You can use either VART C++ or Python APIs to write the hybrid application for the ARM CPU, then compile it. The application is called "hybrid" because the ARM CPU is executing some software routines while the DPU hardware accelerator is running the FC, CONV, ReLU, and BN layers of the CNN that were coded in the xmodelfile.
All explanations in the following sections are based only on the CIFAR-10 dataset; the commands for the Fashion-MNIST dataset are very similar: just replace the sub-string "cifar10" with "fmnist".
Step 2, training, is the longest process and requires GPU support.
As Deep Learning deals with image data, you have to organize your data in appropriate folders and apply some pre-processing to adapt the images to the hardware features of the Vitis AI Platform. The first lines of script run_all.sh call other python scripts to create the sub-folders train, val, test, and cal that are located in the dataset/fashion-mnist and dataset/cifar10 directories and to fill them with 50000 images for training, 5000 images for validation, 5000 images for testing (taken from the 10000 images of the original test dataset) and 1000 images for the calibration process (copied from the training images).

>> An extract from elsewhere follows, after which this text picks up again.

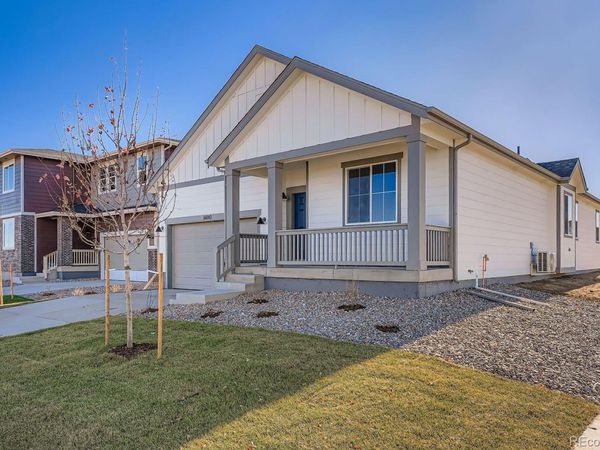 54910 E 28th Place , Strasburg, CO 80136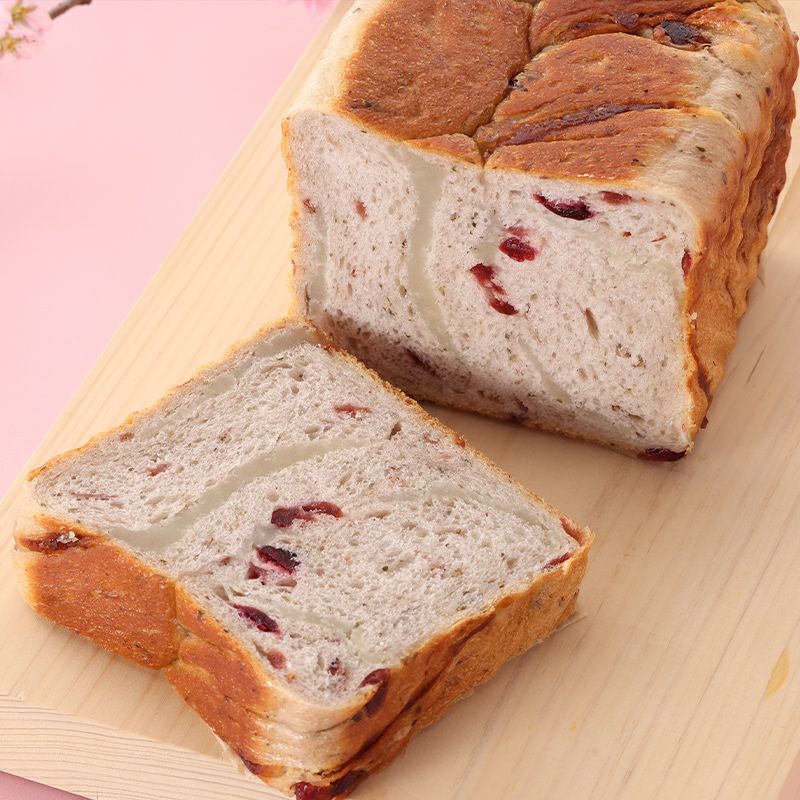 桜の白あん食パン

All the images are 32x32x3 in dimensions so that they are compatible with the two different datasets.
The MNIST dataset is considered the hello world of DL because it is widely used as a first test to check the deployment flow of a vendor of DL solutions. This small dataset takes relatively less time in the training of any CNN. However, due to the poor content of all its images, even the most shallow CNN can easily achieve from 98% to 99% of top-1 accuracy in Image Classification.

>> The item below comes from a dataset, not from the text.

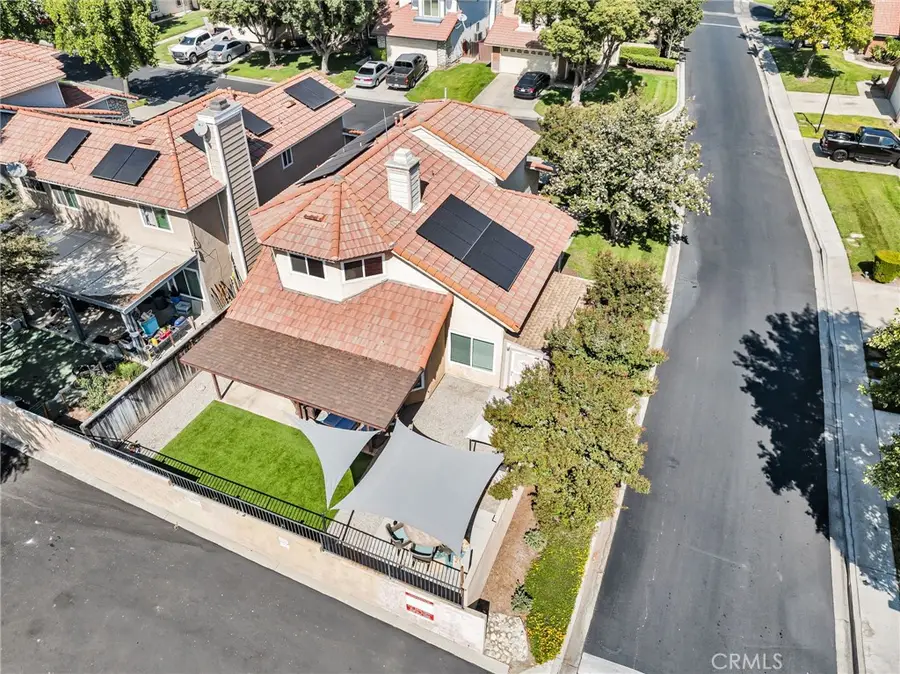 1105 W Victoria Street, Rialto, CA 92376 - #2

To solve this problem, the Fashion-MNIST dataset has been recently created for the paper Fashion-MNIST: a Novel Image Dataset for Benchmarking Machine Learning Algorithms. It is identical to the MNIST dataset in terms of training set size, testing set size, number of class labels, and image dimensions, but it is more challenging in terms of achieving high top-1 accuracy values.
Usually, the size of the images is 28x28x1 (gray-level), but in this case they have been converted to 32x32x3 ("false" RGB images) to be compatible with the "true" RGB format of CIFAR-10.
The CIFAR-10 dataset is composed of 10 classes of objects to be classified. It contains 60000 labeled RGB images that are 32x32 in size and thus, this dataset is more challenging than the MNIST and Fashion-MNIST datasets. The CIFAR-10 dataset was developed for the paper Learning Multiple Layers of Features from Tiny Images.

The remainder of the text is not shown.